Step into the lobby of the midtown New York offices of A24, the film production company that’s earned its reputation as an auteur-friendly studio and distributor. Walk away from the tidy receptionist’s desk and through the tastefully decorated lobby, past the long, slab-like conference table and the surprisingly comfortable couches and the small glass coffee tables. As you approach the large picture windows that offer a lovely view of Herald Square, look to your left. What appears to be a light-wood wall panel is actually a door, leading into a semi-secret library. The entire room is lined with backlit bookshelves, most of which house a collection of a hundred-plus film-related books, omnibus comic collections, and oversized tomes on everything from modern design to postmodernist painters; the rest of the shelves are filled with Blu-Rays and bound copies of scripts. It’s an introverted, Dimes Square hipster-cinephile’s wet dream.
This is where you will find Brady Corbet, former actor, contemporary filmmaker, and current strong contender for the title of ambitious American cinema’s savior. He is, by his own admission, exhausted from doing nonstop press since the end of summer. The first time we spoke in September, his new film — The Brutalist — had just made it’s U.S. premiere at the New York Film Festival the evening before, a little less than a month after it won him the Best Director prize at Venice. It’s now the beginning of December, and he’s still at it. His cowriter and longtime professional/personal partner Mona Fastvold is putting in a lunch order for both of them with a publicist, and will return to join him in a moment. But for now, Corbet is staring intensely at the bookshelves attached to the walls. Not the books themselves — he doesn’t pull out or page through any of them. He’s just hovering in front of the shelves, silently eyeballing the decor, sizing everything up, nodding approvingly to himself. You imagine a host of camera angles whirling through his head.
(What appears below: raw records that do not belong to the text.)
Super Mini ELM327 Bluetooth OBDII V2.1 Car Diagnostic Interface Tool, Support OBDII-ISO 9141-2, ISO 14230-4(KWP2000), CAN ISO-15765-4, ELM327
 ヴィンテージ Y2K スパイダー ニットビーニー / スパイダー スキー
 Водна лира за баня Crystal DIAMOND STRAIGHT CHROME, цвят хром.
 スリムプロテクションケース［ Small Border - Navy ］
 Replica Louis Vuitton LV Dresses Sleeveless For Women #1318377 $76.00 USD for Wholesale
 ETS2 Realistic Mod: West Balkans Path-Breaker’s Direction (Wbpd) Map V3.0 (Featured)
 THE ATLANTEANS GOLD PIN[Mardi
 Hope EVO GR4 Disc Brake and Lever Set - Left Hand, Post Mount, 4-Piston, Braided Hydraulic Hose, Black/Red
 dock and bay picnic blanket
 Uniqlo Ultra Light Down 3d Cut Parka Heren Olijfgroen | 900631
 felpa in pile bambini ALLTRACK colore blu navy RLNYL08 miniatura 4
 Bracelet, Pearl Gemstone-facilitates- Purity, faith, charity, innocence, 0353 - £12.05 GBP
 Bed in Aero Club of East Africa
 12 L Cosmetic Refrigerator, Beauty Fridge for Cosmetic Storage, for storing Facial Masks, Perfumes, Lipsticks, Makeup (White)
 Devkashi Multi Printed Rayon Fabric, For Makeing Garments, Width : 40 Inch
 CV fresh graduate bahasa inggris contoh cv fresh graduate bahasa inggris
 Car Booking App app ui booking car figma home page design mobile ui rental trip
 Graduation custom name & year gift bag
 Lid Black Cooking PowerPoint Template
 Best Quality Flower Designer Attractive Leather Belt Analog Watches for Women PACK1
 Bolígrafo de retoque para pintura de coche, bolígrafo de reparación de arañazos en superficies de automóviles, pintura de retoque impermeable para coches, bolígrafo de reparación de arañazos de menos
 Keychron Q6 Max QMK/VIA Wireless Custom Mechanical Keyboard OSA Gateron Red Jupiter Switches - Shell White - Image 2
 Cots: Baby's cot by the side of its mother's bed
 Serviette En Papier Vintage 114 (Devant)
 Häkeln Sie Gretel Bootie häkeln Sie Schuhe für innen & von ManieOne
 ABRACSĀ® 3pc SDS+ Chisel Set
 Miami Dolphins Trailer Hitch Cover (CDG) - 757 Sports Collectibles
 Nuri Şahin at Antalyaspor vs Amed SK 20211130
What László Tóth, the Hungarian emigre and world-class architect played by Adrien Brody, and who sits squarely at the center of The Brutalist, would think of this room is anyone’s guess. But it’s a library, after all, that turns Tóth’s fortune around after he arrives in the U.S. after World War II. The son of a wealthy industrialist hires him to renovate his father’s book-filled den as a surprise gift. The sleek, chic, modernist result initially throws the rich man into a rage. Then, filled with admiration for this person who has turned a simple space into a something transcendental, the patron hires Tóth to oversee construction on a community center in the modest burg of Doylestown, Pennsylvania. The architect decides that this building will not just be a work for hire. It will be his Great American Masterpiece, done in the brutalist style. And for the remainder of Corbet’s own Great American Masterpiece, we watch as art and commerce beat each other bloody, both love and violence leave psychic scars on all involved, and Tóth slowly loses his mind.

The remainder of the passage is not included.